--- START ---
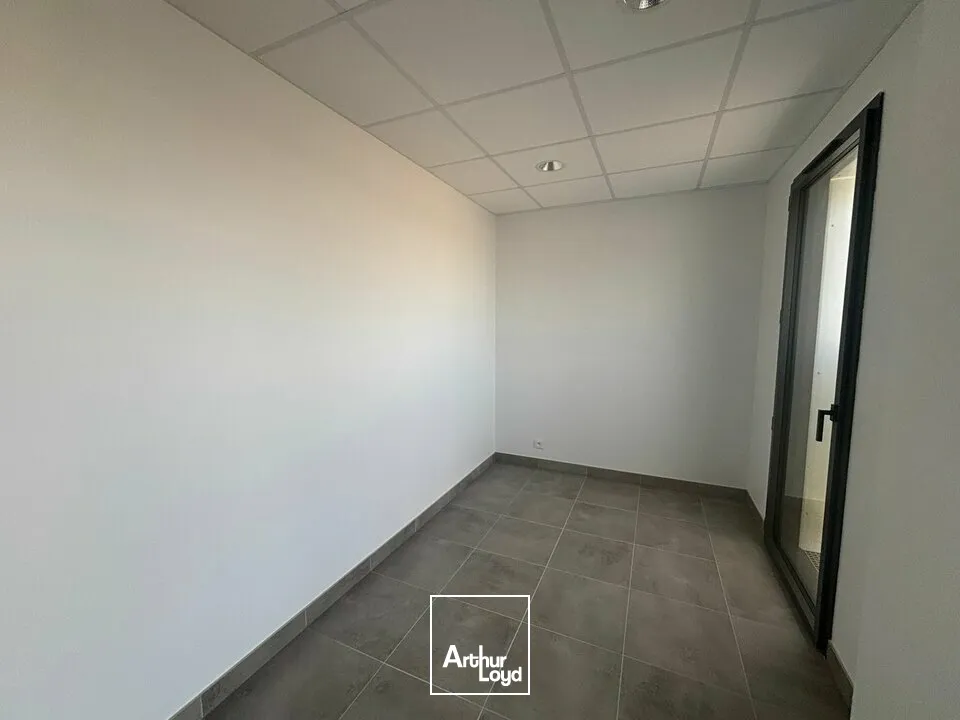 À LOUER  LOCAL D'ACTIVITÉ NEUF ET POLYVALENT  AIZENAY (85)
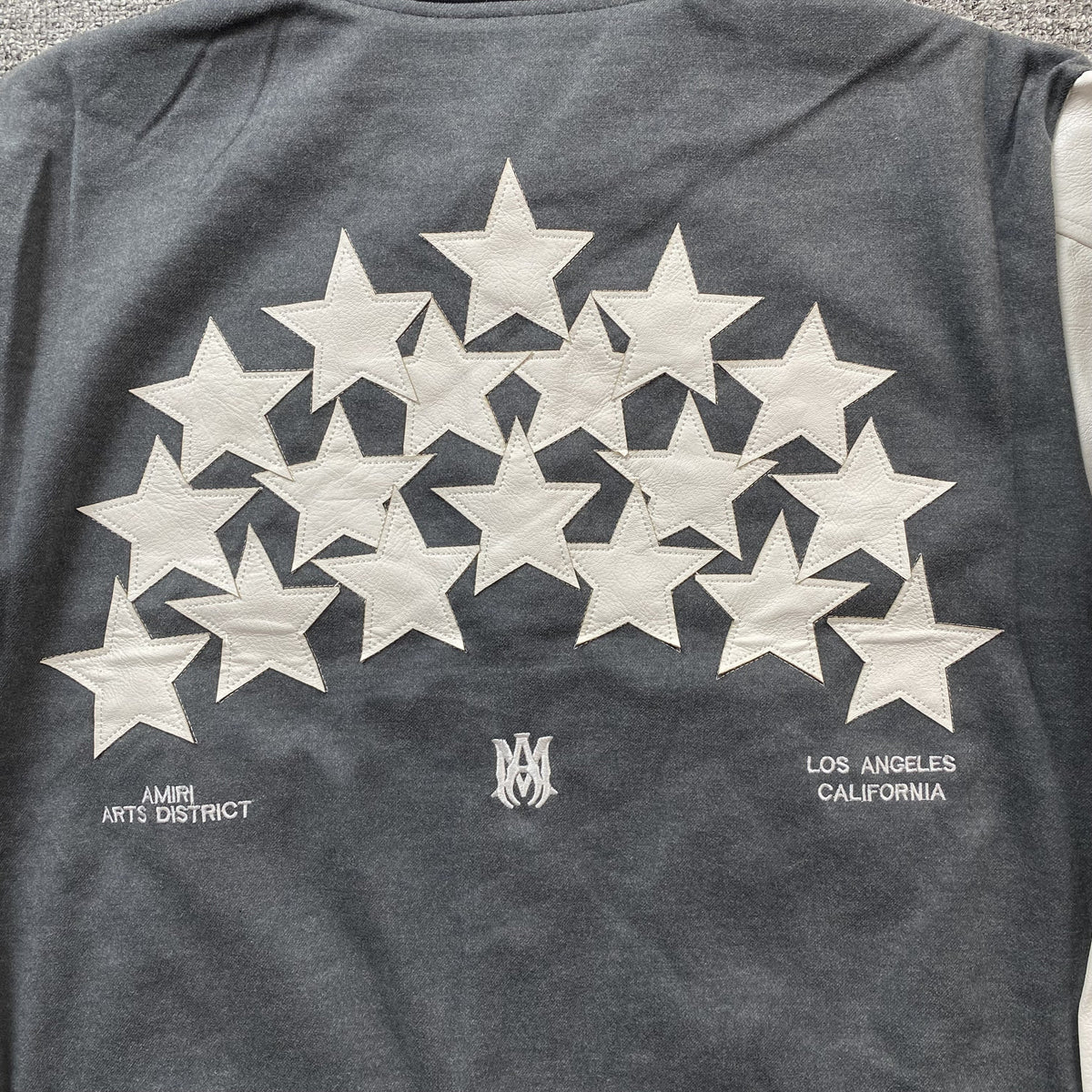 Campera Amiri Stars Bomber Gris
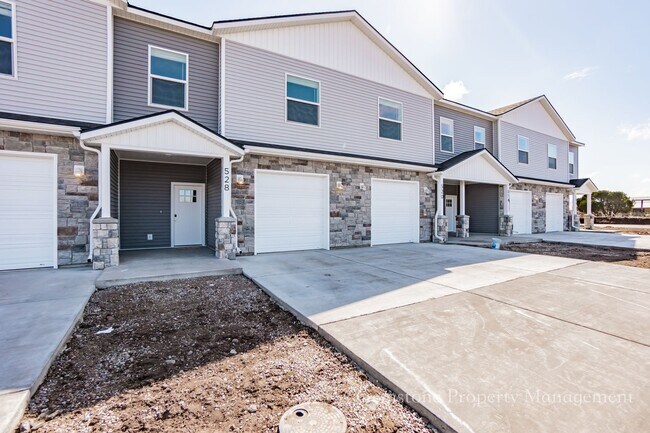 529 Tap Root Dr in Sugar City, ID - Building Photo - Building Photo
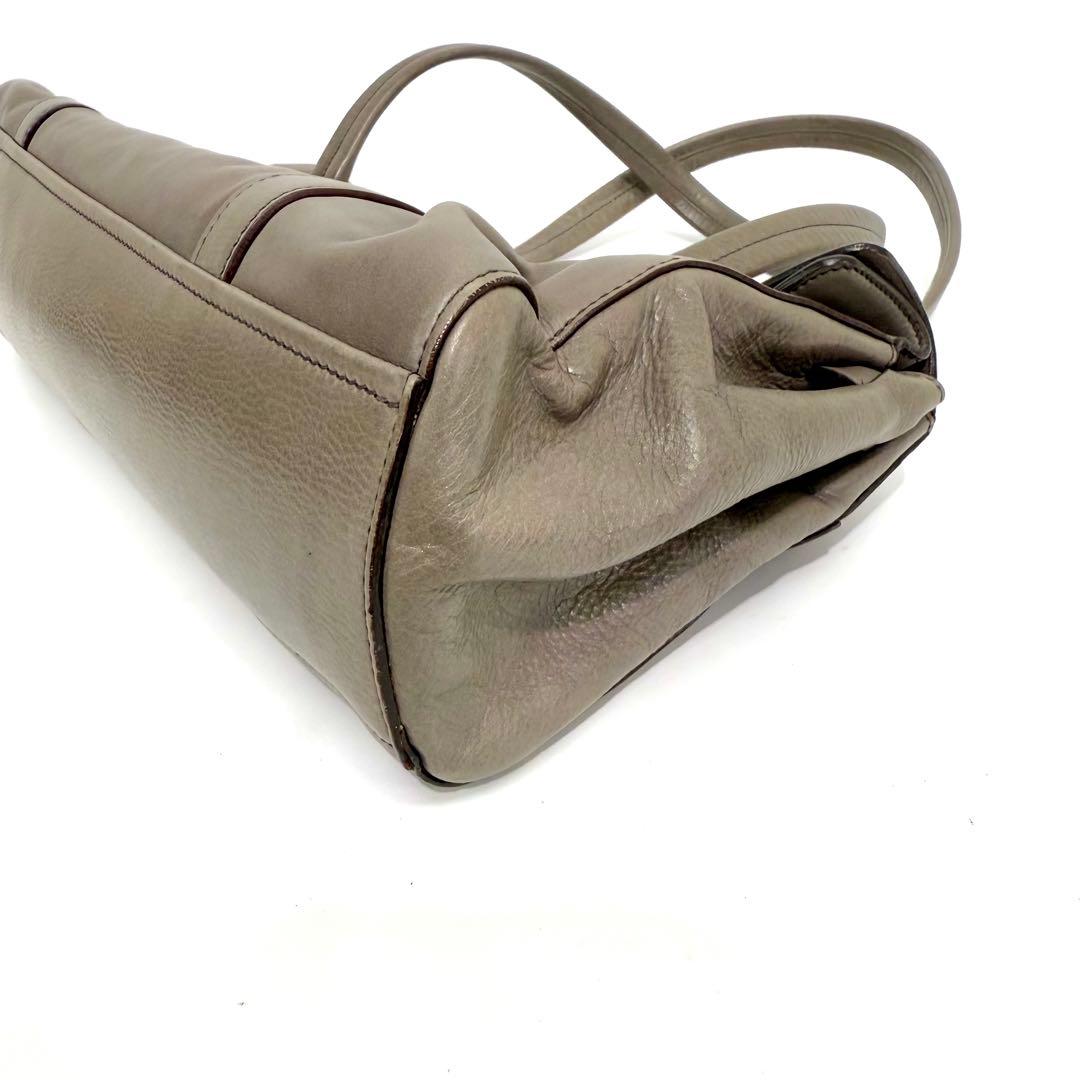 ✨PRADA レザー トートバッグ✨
--- END ---
Task brief:
Exclude every picture and restate the listing word for word.

Expected answer:
 À LOUER  LOCAL D'ACTIVITÉ NEUF ET POLYVALENT  AIZENAY (85)
 Campera Amiri Stars Bomber Gris
 529 Tap Root Dr in Sugar City, ID - Building Photo - Building Photo
 ✨PRADA レザー トートバッグ✨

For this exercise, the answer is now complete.